Either of those ideas are getting so far from the nominal purposes of Columns++, though, that it seems it would really be time to make a separate plugin. (Yes, @Alan-Kilborn, hoping someday it could be part of the main program. But far less “aggressive” changes have caused consternation when made to Notepad++; at the least, I think anything so dramatic should have a considerable test period to demonstrate its value and stability before I would dream of suggesting it as a replacement for existing functionality.)
-
Hi, @Coises and All,
Luckily, I do not need the Microsoft magnifier in my everyday work on my Windows-10 laptop !! But sometimes, as the size of your search dialog font seems a bit small, it helped me to clearly see which kind or regex I typed in, during the tests of your experimental versions. However, for example, I just use the N++ default zoom to prepare this post !

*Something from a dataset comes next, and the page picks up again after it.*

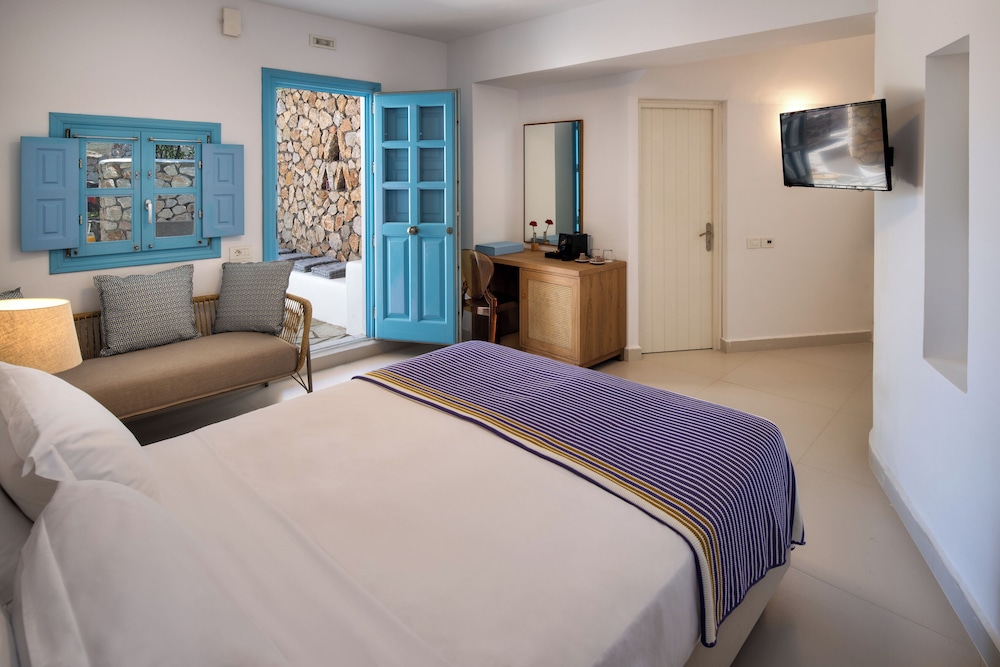 Superior Room with outdoor Hot Tub and Garden View - Photo 1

Note that regular expressions use a lot of chars not easy to distinguish, like the
.
char, the(
and)
chars, the[
and]
chars, the{
and}
chars, and so on…, which look very thin, with the present proportional font !So, whatever you plan to do in the future, regarding my request, it should be better than the present situation. No doubt about it !
Best Regards,
guy038
-
@Coises said:
it seems it would really be time to make a separate plugin
I would go so far as to suggest something that looks and operates like the Notepad++ Find dialog and its tabs.
Then someone using the plugin would not have to learn anything new, and would feel “right at home”.
You know why I suggest this, right? :-) -
@Alan-Kilborn said in Columns++ version 1.2: better Unicode search:
I would go so far as to suggest something that looks and operates like the Notepad++ Find dialog and its tabs.
Then someone using the plugin would not have to learn anything new, and would feel “right at home”.
You know why I suggest this, right? :-)I think I do, but to be honest, if and when I take on such a project, non-trivial user interface changes would be the whole point. Given that, I’m not sure I’d want to tie myself to recreating a legacy user interface and using it as an underlying model. Familiarity would be a plus, but I am unlikely to impose it on myself as a constraint.
This is all far enough down the road that someone else might well get to it before I do, anyway. I have at least two other self-assignments that would come first, and that’s just in the realm of computer programming.